Housing Works — which helps people living with HIV and AIDS get housing — has long been one of the causes of choice for a certain breed of media type. It's the domain of book critics and agents, tweedy authors, highbrow magazine editors, and the stray literate celebrity or two. (Peter Sarsgaard was listed on the invite as a host, but was nowhere to be found. Damn you, Ramona!) Despite the yawn-inducing potential of such an affair, we sent Gawker photographer Nikola Tamindzic — decidedly out of his element, but cheerfully up for anything — and associate editor Doree Shafrir, who knows more of these people than she lets on, to document the whole gin-soaked affair. Peruse our photo montage of pretentious conversations, with Shafrir's trenchant analysis after the jump.
The feeling you get when you walk into the Housing Works Bookstore Caf on Crosby Street is like walking into the slightly downtrodden Upper West Side apartment of that book editor or Columbia professor who bought their four-bedroom co-op in 1967 for $35,000. One of the first people I spot when I enter is none other than Frenemy of Gawker Chuck Klosterman, who appears to have exchanged his trademark black-rimmed hipster glasses for a more fashion-forward clear pair. I avoid him and make a beeline for the sad assortment of food, which includes wings, pita bread and hummus, crudite, squares of cheese and what appear to be Trader Joe's tortilla chips. Oh yeah, it's a fundraiser. Almost forgot.

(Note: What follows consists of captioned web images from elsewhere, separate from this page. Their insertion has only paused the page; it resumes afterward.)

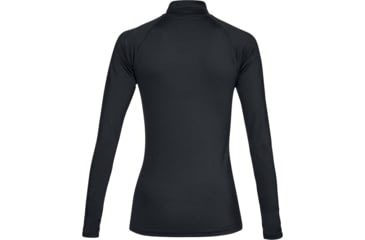 Image of Under Armour UA Tactical Reactor Mock Base T-Shirt - Womens, Black, Large, 1316921001LG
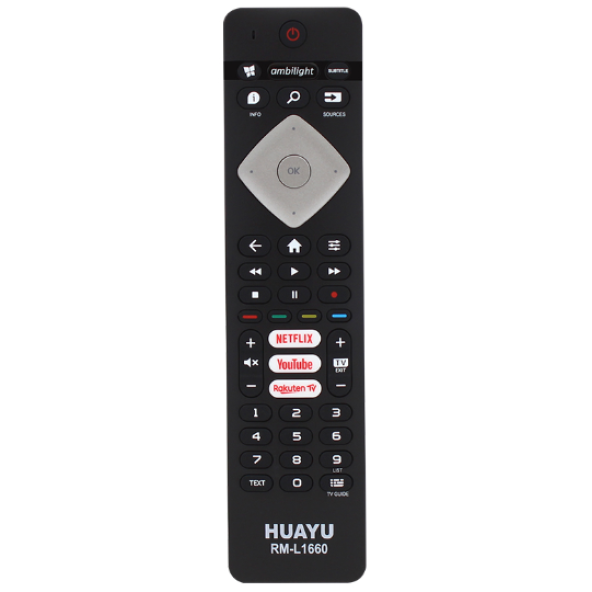 PHILIPS RM-L1660 H0357C NETFLIX-RAKUTEN TV TUŞLU  TV KUMANDA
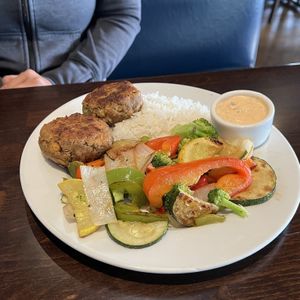 bay cakes   at Ethos Vegan Kitchen in Winter Park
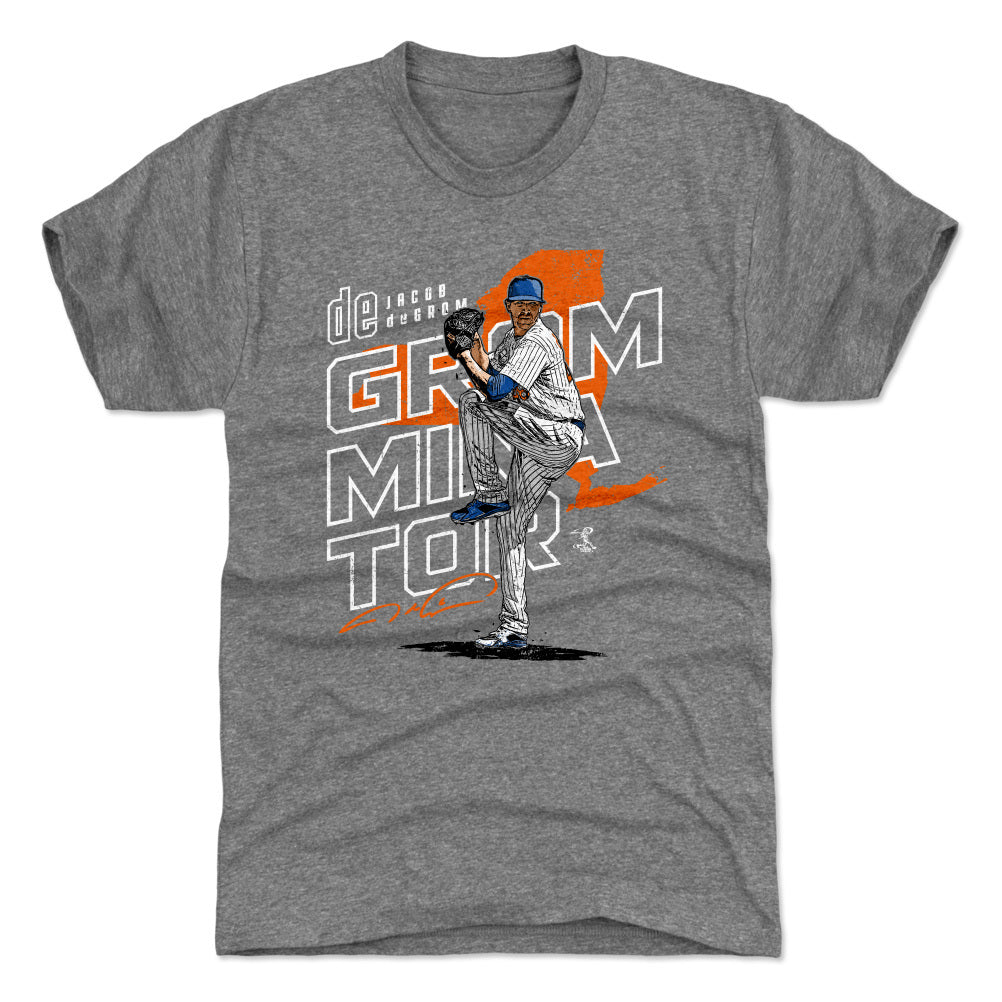 Jacob deGrom Player Map O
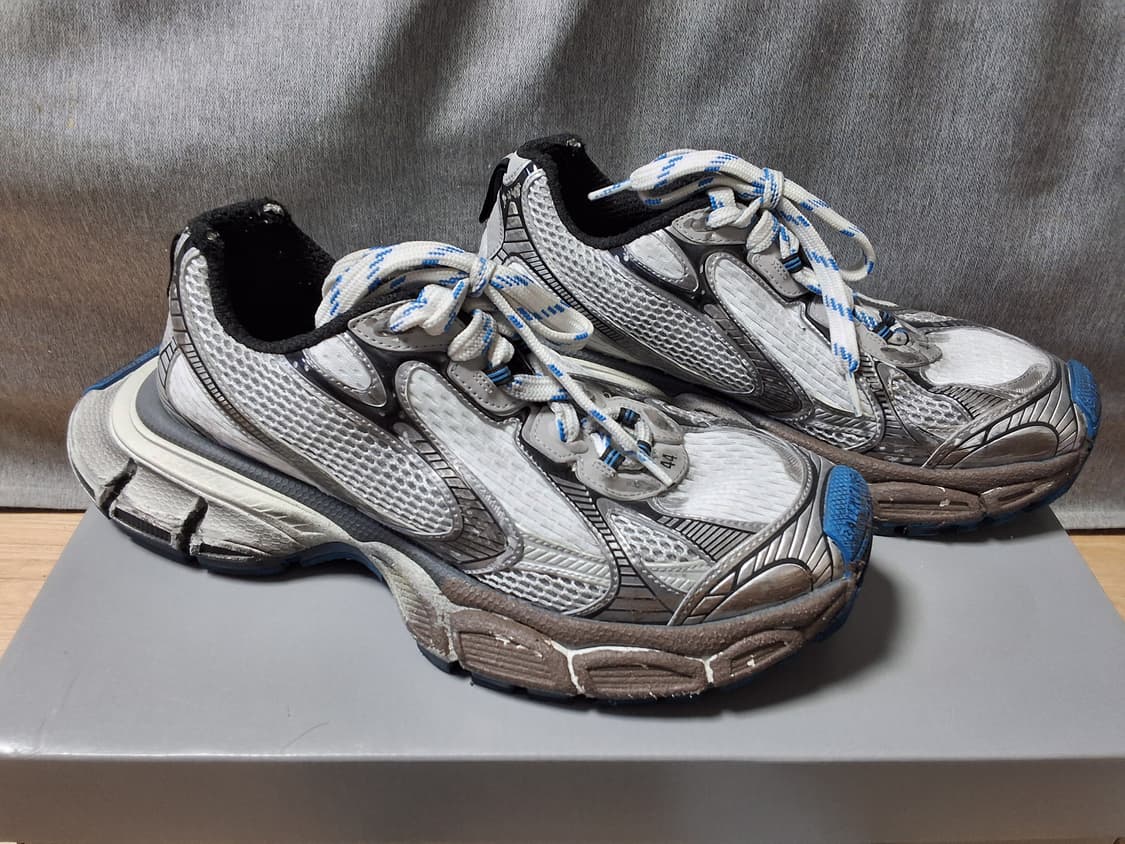 발렌시아가 3xl 블루 원아웃 44 상품이미지2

I waltz around for a spell, paranoidly trying to avoid Klosterman's clear-eyed gaze — he knows who I am! I'm sure of it! — and absentmindedly remarking upon the bizarre music choices, which careen from Bobby Brown (but no Whitney!) to U2 to Tina Turner to Toto Justin Timberlake to Duran Duran to Madonna. I'm starting to feel faint — it's also hot as balls in here — and take refuge by the front of the store, where I think I'll be able to spot any Important People who may come in. Unfortunately the ungodly combination of heat, and gin, and Klosterman has taken its effect, and I must depart.